Da quando l’Emirato islamico è stato restaurato, nell’estate 2021, la violenza sulle donne è aumentata, la rete di protezione si è indebolita, le libertà sono state progressivamente erose. Molte donne continuano a combattere, organizzandosi pubblicamente o, molto più spesso, privatamente, ma una lunga serie di politiche, formali e informali, applicate a volte in modo rigoroso, altre in modo parziale e intermittente, hanno portato a maggiori restrizioni nell’accesso al lavoro, alla sanità, alla stessa libertà di movimento (oltre i 72 chilometri da casa, occorre essere accompagnate da un mahram). Alle adolescenti delle scuole superiori, da 435 giorni circa è negato il diritto all’istruzione.

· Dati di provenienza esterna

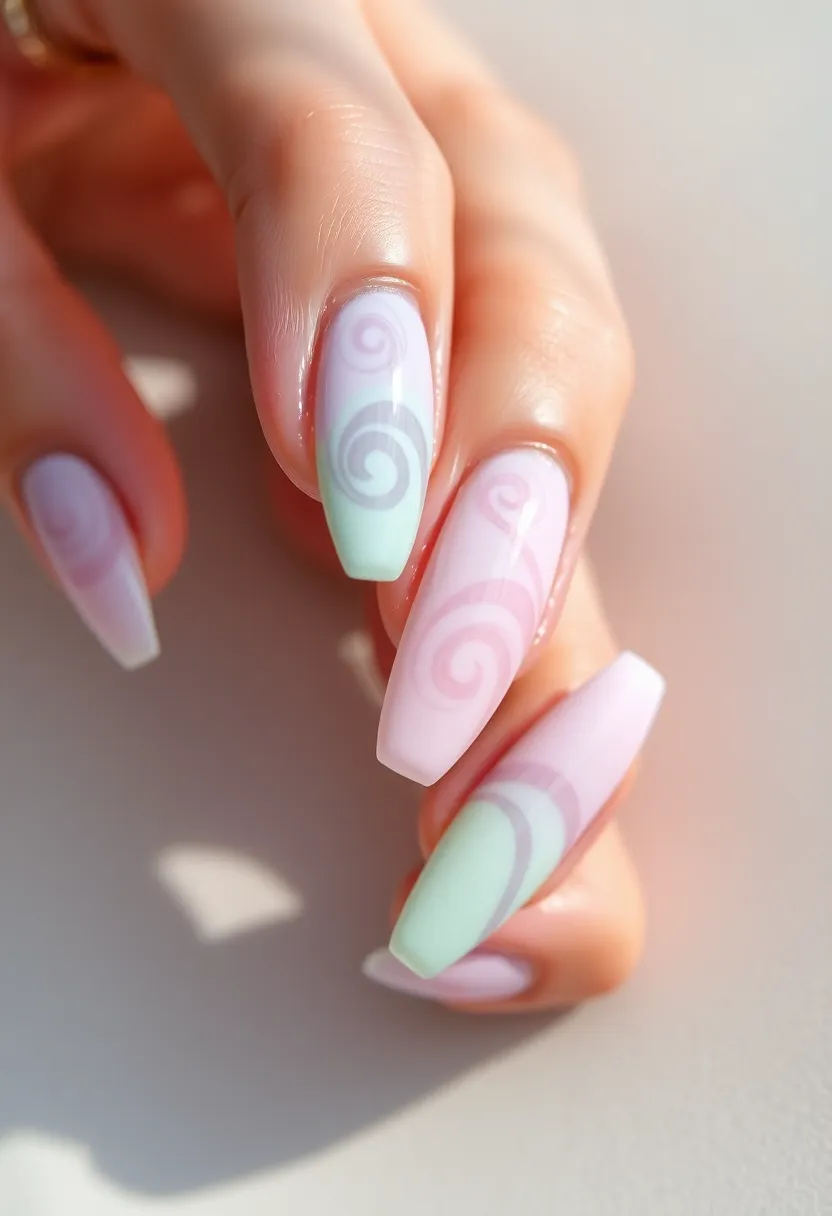 40 Spring Acrylic Nail Ideas for Seasonal Sensational Freshness - 31. Elegant Swirls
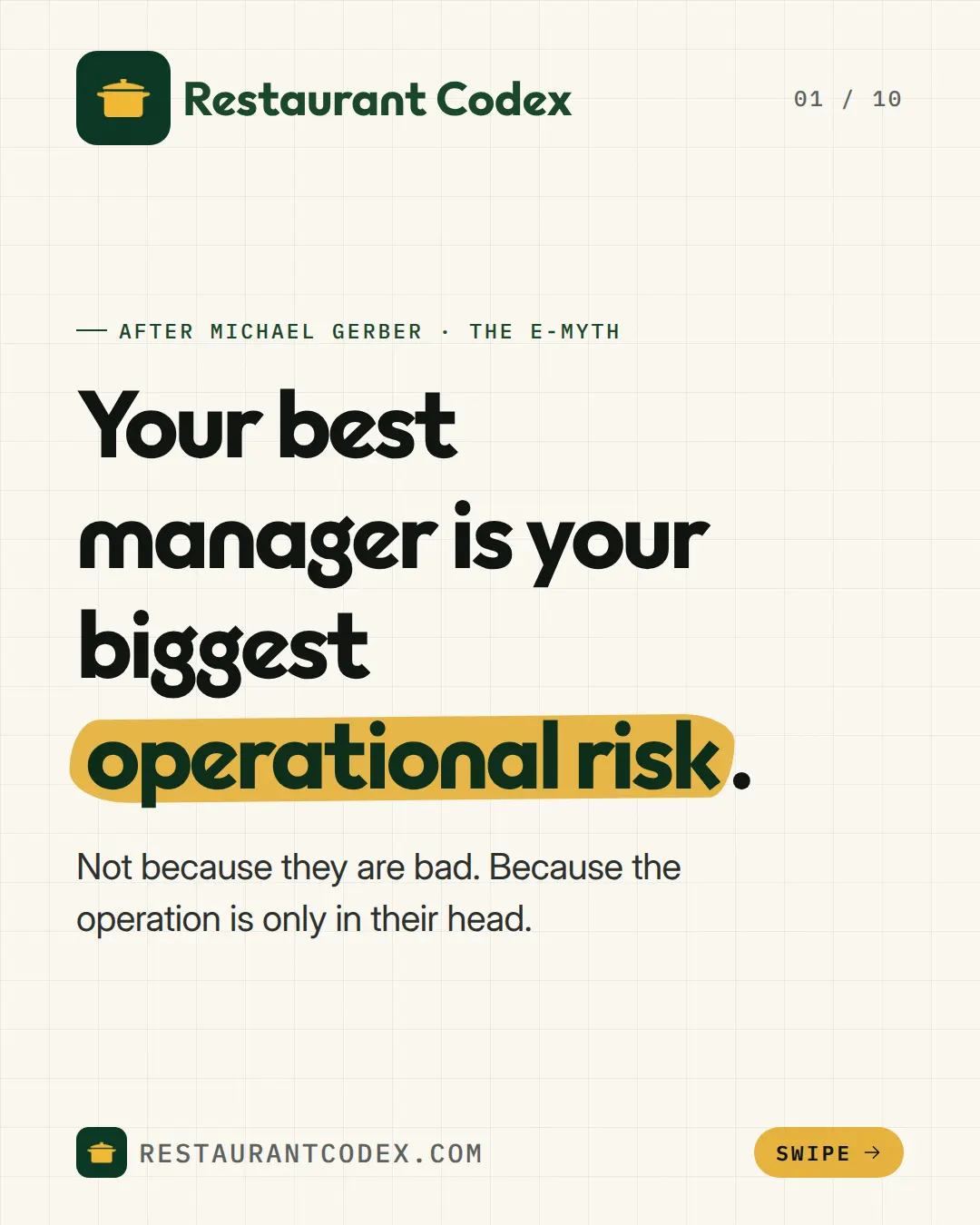 Your best manager is your biggest operational risk.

Un quadro drammatico. Tanto che ieri, in occasione della giornata internazionale per l’eliminazione della violenza sulle donne, Roza Otunbayeva, a capo di Unama, la missione dell’Onu a Kabul, si è rivolta con un comunicato alle autorità di fatto, sollecitandole ad “adottare misure immediate per mettere fine alle violenze contro le donne e al più ampio deterioramento dei diritti delle donne, elemento cruciale per l’ottenimento di una pace duratura”. I Talebani sostengono di aver portato pace, sicurezza e stabilità. Ma l’apartheid di genere che promuovo mina alla base qualunque vera pace. Producendo, al contrario, forti conflitti sociali e culturali. Non solo tra i Talebani e buona parte della società, anche all’interno delle singole famiglie.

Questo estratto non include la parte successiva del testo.